The complaint is well founded, and I direct the respondent pay the complainant a redundancy payment based on the above criteria. |
CA-00021803-002 Complaint under the Terms of Employment (Information) Act, 1994.
Summary of Complainant’s Case:
The complainant submits that he was never given a contract of employment, in clear breach of the Act. |
Summary of Respondent’s Case:
The respondent submitted that all his employees have contracts of employment, but he was unable to locate the contracts at the time of the hearing. |
Findings and Conclusions:
I find the complainant was not issued with a contract of employment.
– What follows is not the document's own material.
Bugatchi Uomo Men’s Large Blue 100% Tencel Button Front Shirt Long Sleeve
I find the respondent breached the Act. |
Decision:
Section 41 of the Workplace Relations Act 2015 requires that I make a decision in relation to the complaint(s)/dispute(s) in accordance with the relevant redress provisions under Schedule 6 of that Act.
I find the complaint is well founded and I order the respondent pay the complainant €500.00 for this breach of the Act. |
CA-00021803-003 Complaint under the Organisation of Working Time Act, 1997.
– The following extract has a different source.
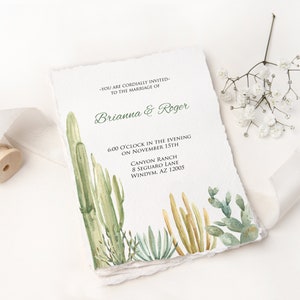 May include: A wedding invitation with a desert theme. The invitation features a watercolour illustration of cacti and succulents in shades of green and yellow. The text reads "You are cordially invited to the marriage of Brianna & Roger 6:00 o'clock in the evening on November 15th Canyon Ranch 8 Seguaro Lane Windym. AZ 12005"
Summary of Complainant’s Case:
The complainant submits that he was due two days holiday pay when his employment ended; these were never paid to him. |
Summary of Respondent’s Case:
The respondent did not disagree with the complainant in this matter and agreed he would pay the outstanding two days’ pay. |
Findings and Conclusions:
I find the complainant did not receive his full holiday entitlements and is due two day’s pay. |
Decision:
Section 41 of the Workplace Relations Act 2015 requires that I make a decision in relation to the complaint(s)/dispute(s) in accordance with the relevant redress provisions under Schedule 6 of that Act.
The complaint is well founded, and I order the respondent to pay the complainant two day’s pay as per his entitlement. |
CA-00021803-004 Complaint under the Organisation of working Time Act, 1997.
This complaint is a duplicate of CA-00021803-003 above and was withdrawn at the hearing.
CA-00021803-005 Complaint under the Unfair dismissals Act, 1977.
This complaint was withdrawn at the hearing.
CA-00021803-006 Complaint under the Minimum Notice & Terms of Employment Act, 1973.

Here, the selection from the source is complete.